My mother tried to persuade me to stop, but I asked her, “How will you buy food for us? How will you buy medicine?”

I met the man who is now my husband when he was a customer. He said he would marry me and not allow me to do sex work again, but I was afraid to leave the madam because she was powerful.

The madam had many girls. She also was sending us places to work. When I was 16 she sent me to the forest, very far from the local area, to a man who was subcontracting me to other men. He kept me in a cemetery in a big hole in the ground. The area where I was had no houses, no trees, just the holes, but they were also covered, so people didn’t know that I and other sex workers were kept there.

A boy guarded me in the day and in the evening men blindfolded me and took me many places. Sometimes they brought me back in the middle of the night, sometimes in the morning.

When I was there for seven days, I tried to flee, but the men found me. They beat me a lot and cut my breasts. I apologized and agreed to go with them if they didn’t beat me anymore. I was in the hole for seven more days, only wearing my top. I had no shoes, no pants. I decided to flee again.

This time I got to a house and was hiding behind a toilet when a family found me. The mother brought me clothes and listened to my story. She gave me food and a burqa (a long, loose robe with head covering worn by Muslim women in Bangladesh), so I could go out from that place.

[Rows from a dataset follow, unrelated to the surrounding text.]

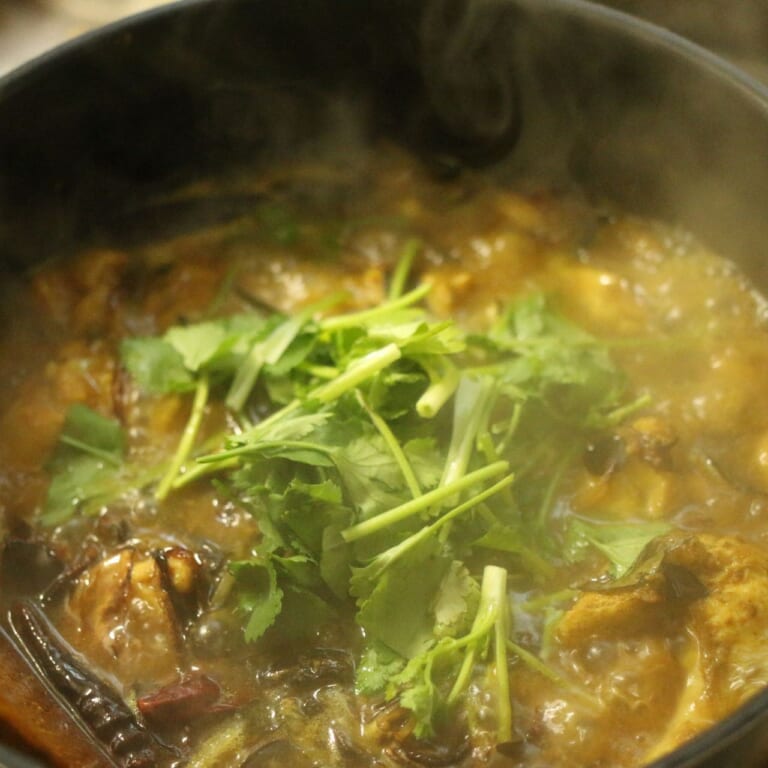 手順 7: パクチーを加えて混ぜ合わせれば出来上がり。
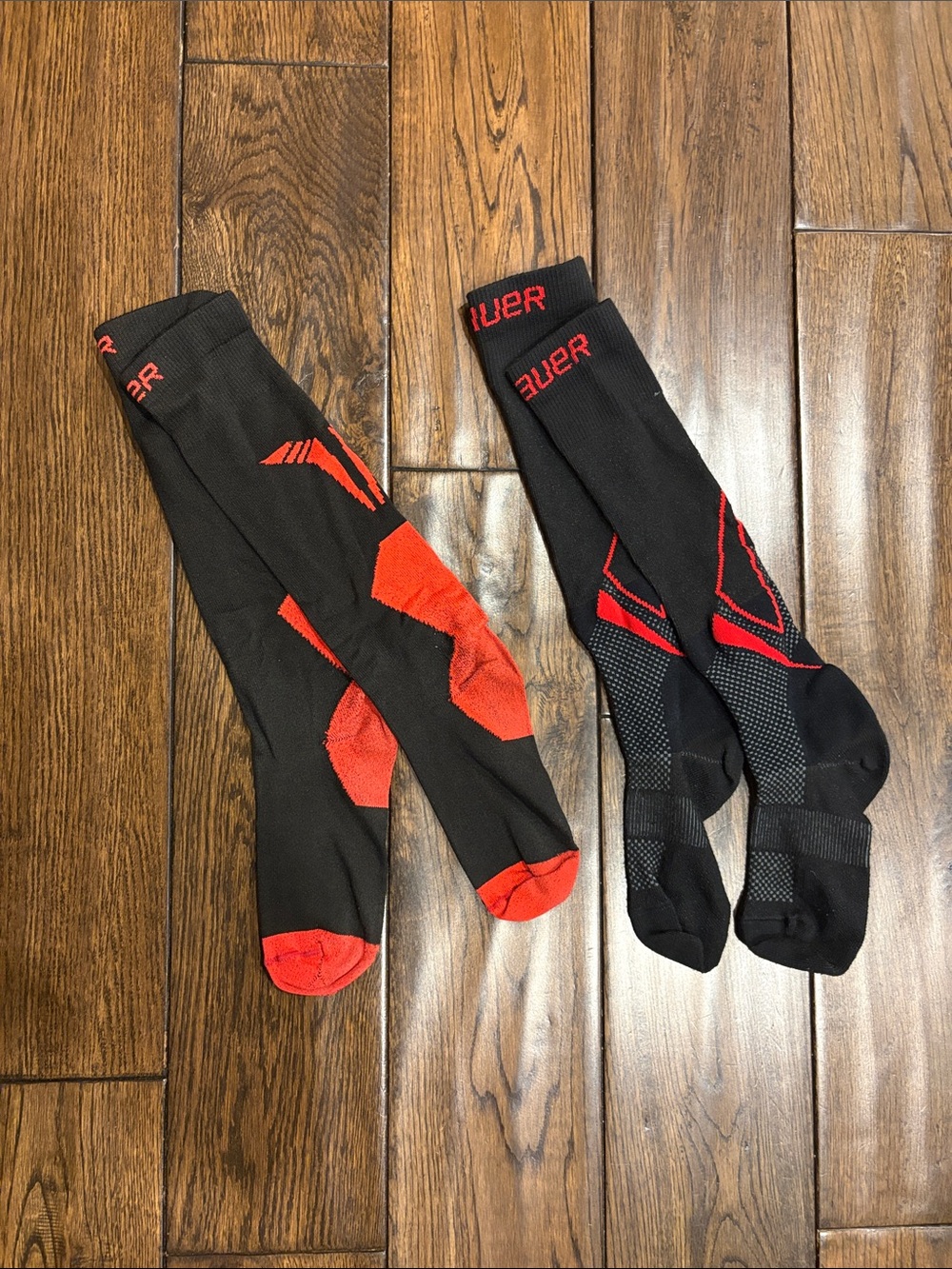 Bauer Skate Socks - Black with Red Accents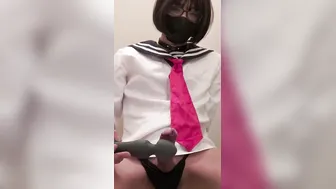電マを亀頭に当てるとすぐに射精してしまいます… セーラー服 女装 オナニー まずもと すん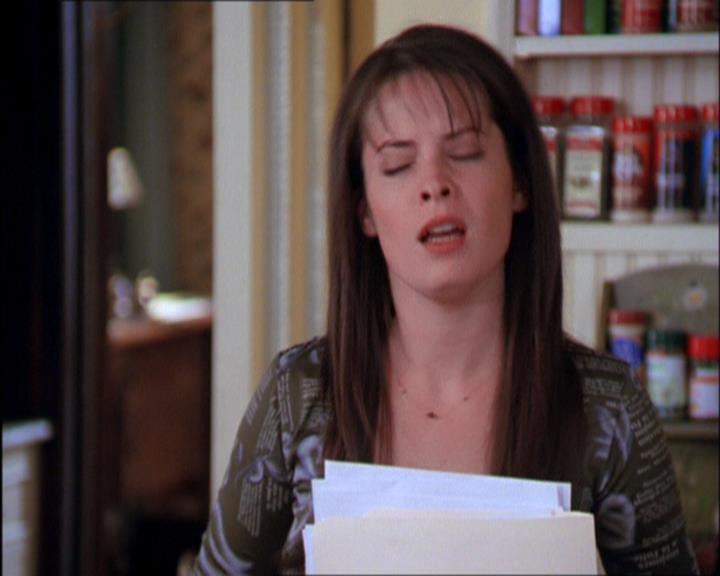 Charmed-Online_dot_net-2x03ThePaintedWorld0464.jpg
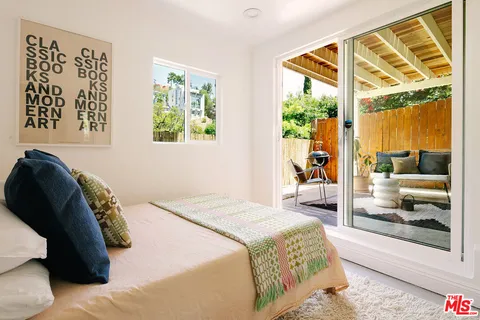 $899,000 | 466 Wren Drive, Los Angeles, CA 90065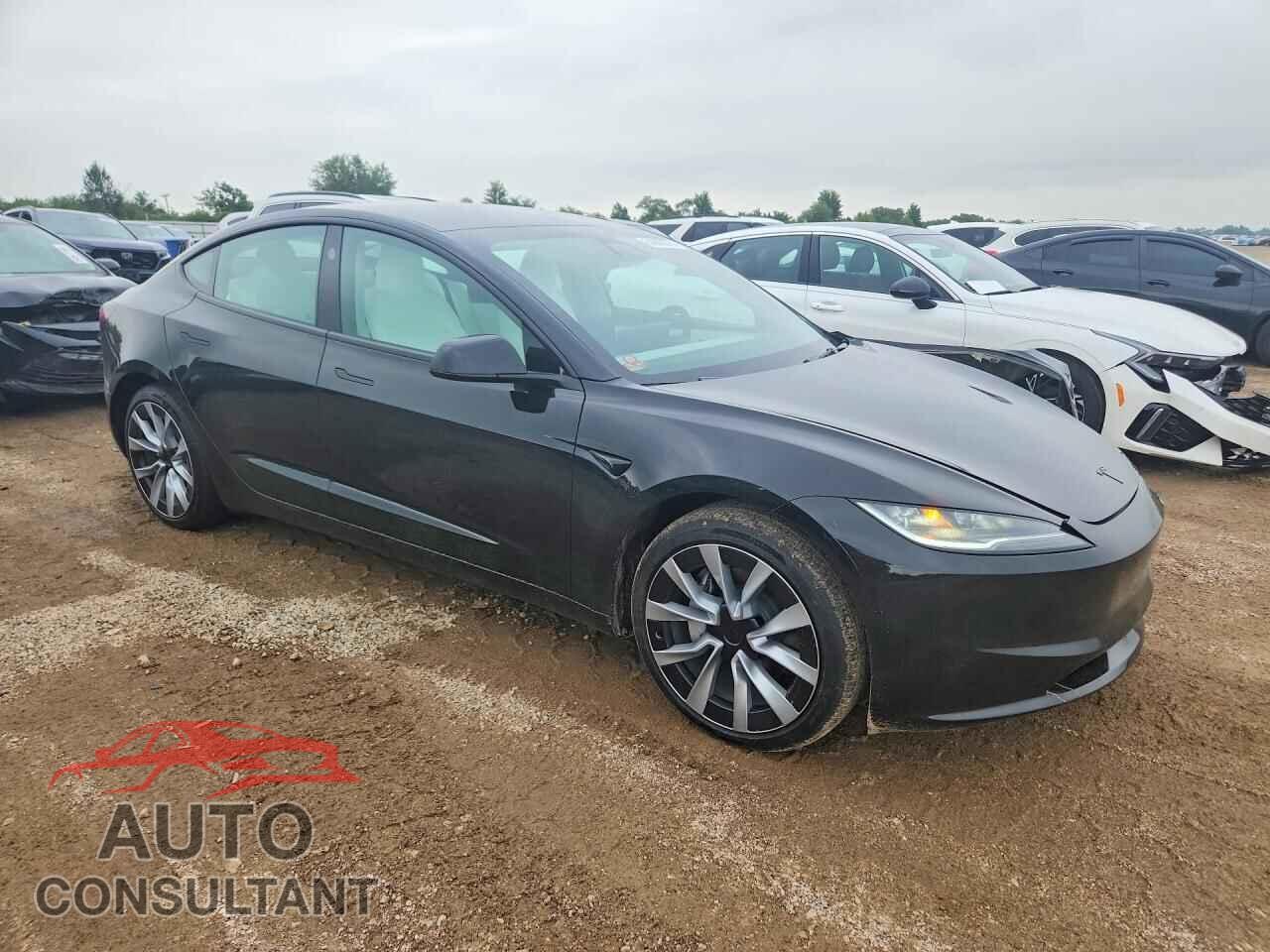 TESLA MODEL 3 2026 - 5YJ3E1EB3TF215859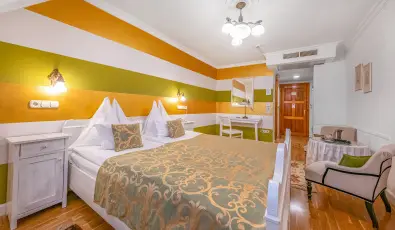 Sz�rcsa Hotel Sz�kesfeh�rv�r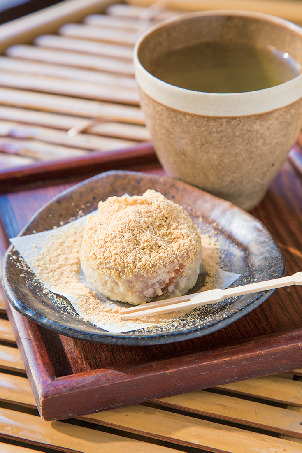 創作スイーツを足湯のあるカフェで「香茶房 おきなや」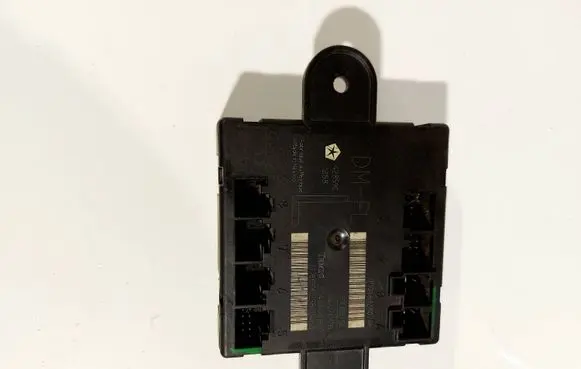 Chrysler Town & Country V Door control unit/module 04602807AB SW070611
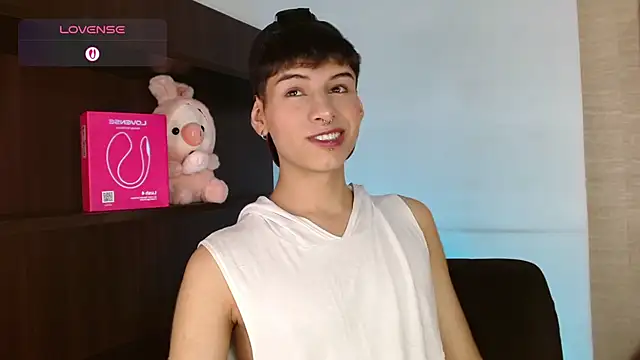 Ezra Storm online show from 11.08.25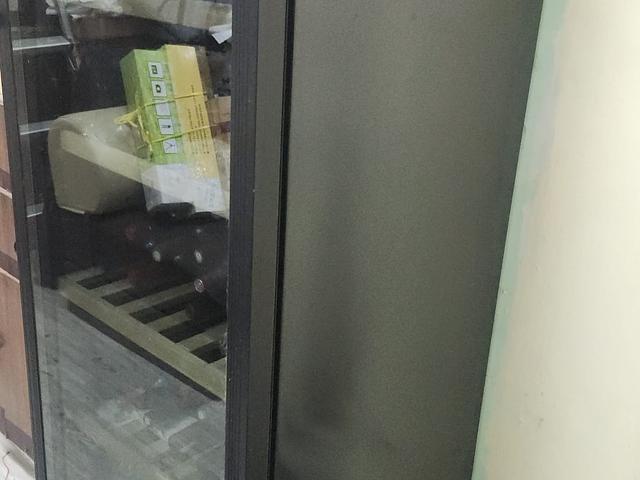 Vintec Wine Cellar (beers wines, champagne)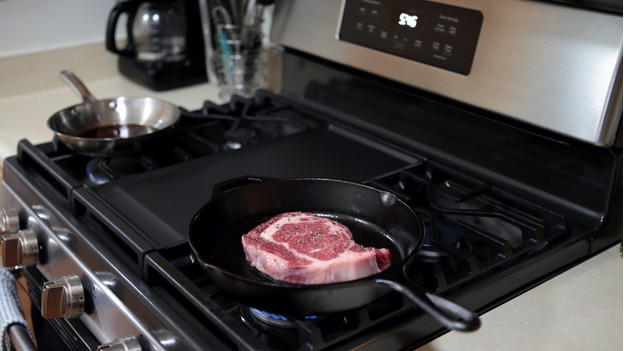 Meat on a gas stove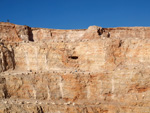 Grupo Mineralógico de Alicante.  Explotación de Áridos. Enguera. Comarca Canal de Navarres. Valencia  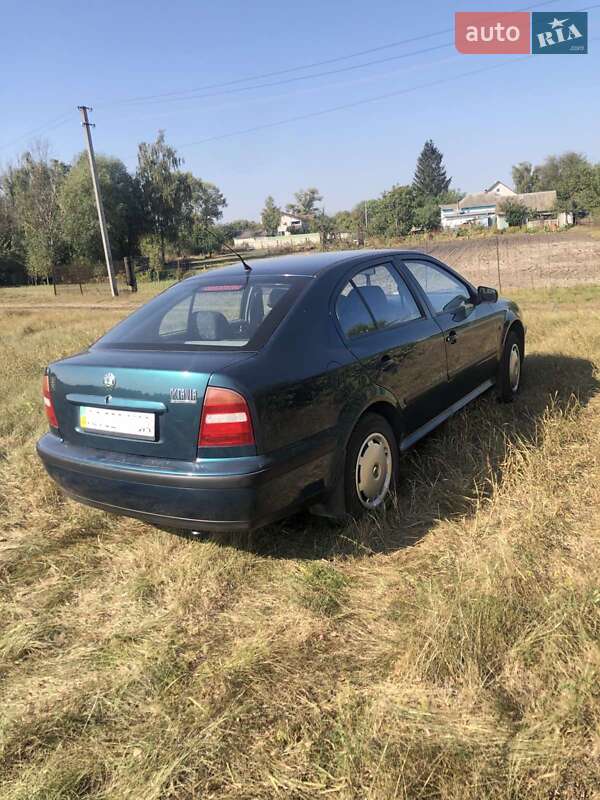 Лифтбек Skoda Octavia 1997 в Киеве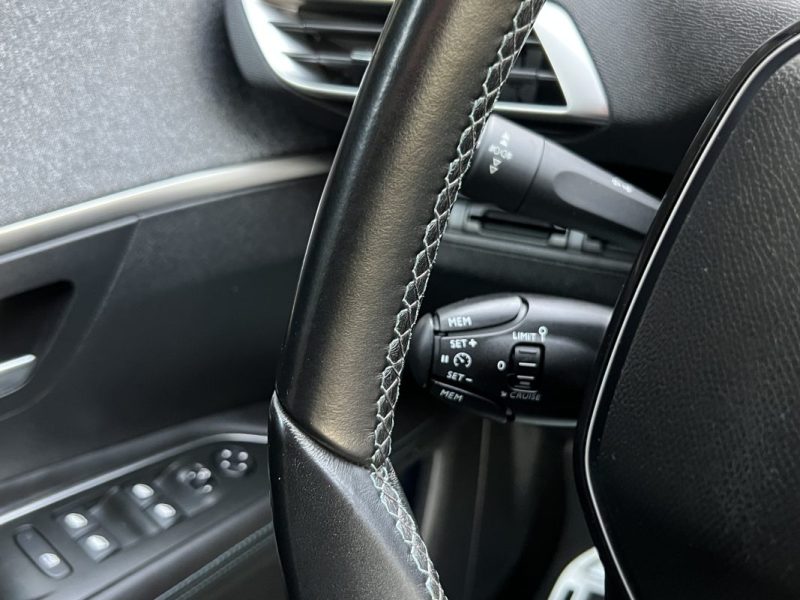 PEUGEOT 3008 II CROSSWAY 1.5 HDI 130 Cv 1ERE MAIN VIRTUAL COCKPIT APPLE & ANDROID - GARANTIE 1 AN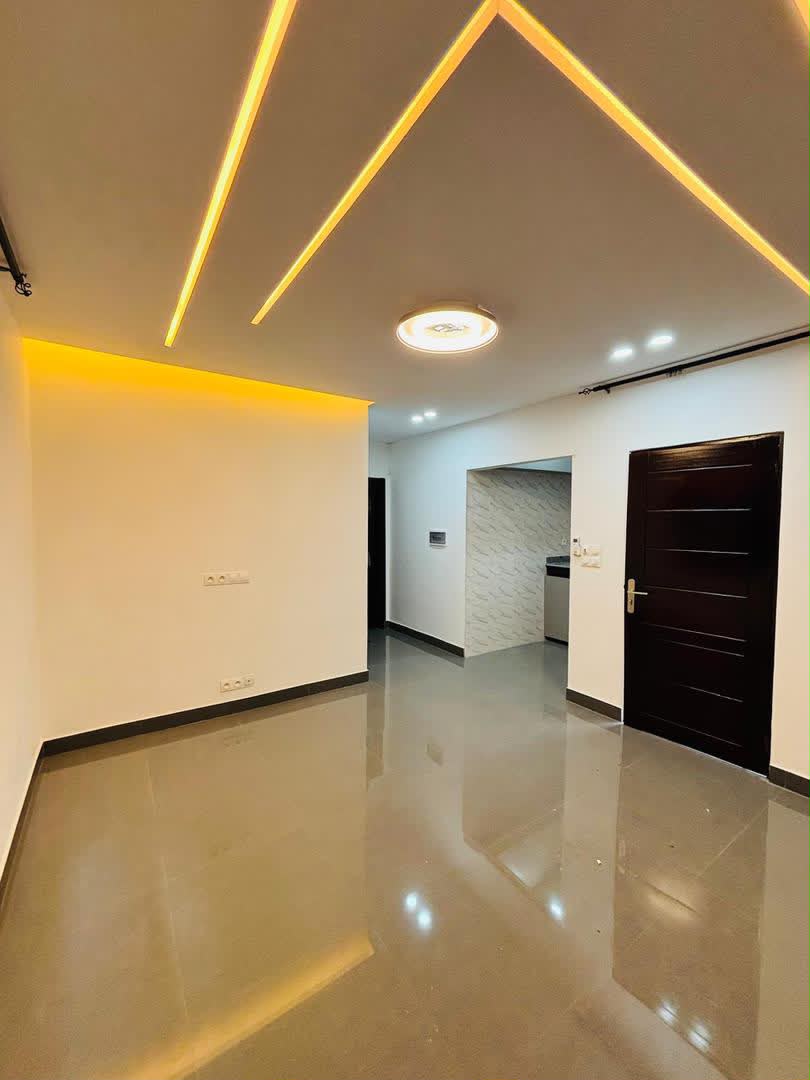 Appartement 4 chambres salon à louer proche du goudron à Hédzranawoé – 450.000 FCFA / mois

When I got back to Mymensingh, I hid from the madam. I found the man who offered to marry me before. We married informally. Although my husband didn’t want me to do sex work, I did some sex work on the side to give money to my mother. I wasn’t making very much.

One day I met Farzana, one of my close friends from sex work who I hadn’t seen for a long time. She described how she started working at a place (MCC’s Pobitra program) where there is a lot of respect, a lot of love, but I would have to leave sex work if I wanted to work there.

Farzana urged me to go to Pobitra and see for myself the respect and love that is there.

I like all the things that are happening at Pobitra. My husband likes that I do not go out after office hours. My husband is good to me, but he is checking on me, talking to other men to see if I am doing sex work. He went to Pobitra’s husband training. After the training, he helped with the housework. Some days he washes my clothes, dries them in the sun and folds them nicely.

I have learned some good skills. I can make blankets and do beading. My husband does not earn enough money to support us. When he works he earns money, but when he can’t find work, he relies on me. He does some rickshaw driving, some painting, some fish business, but that is very seasonal business.

Telling my story to the women who come here, and listening to their stories, helps a lot to reduce my pain. I can tell other girls easily because I know their background. It helps a lot to reduce the pain. They are from the same places. I have nothing to lose.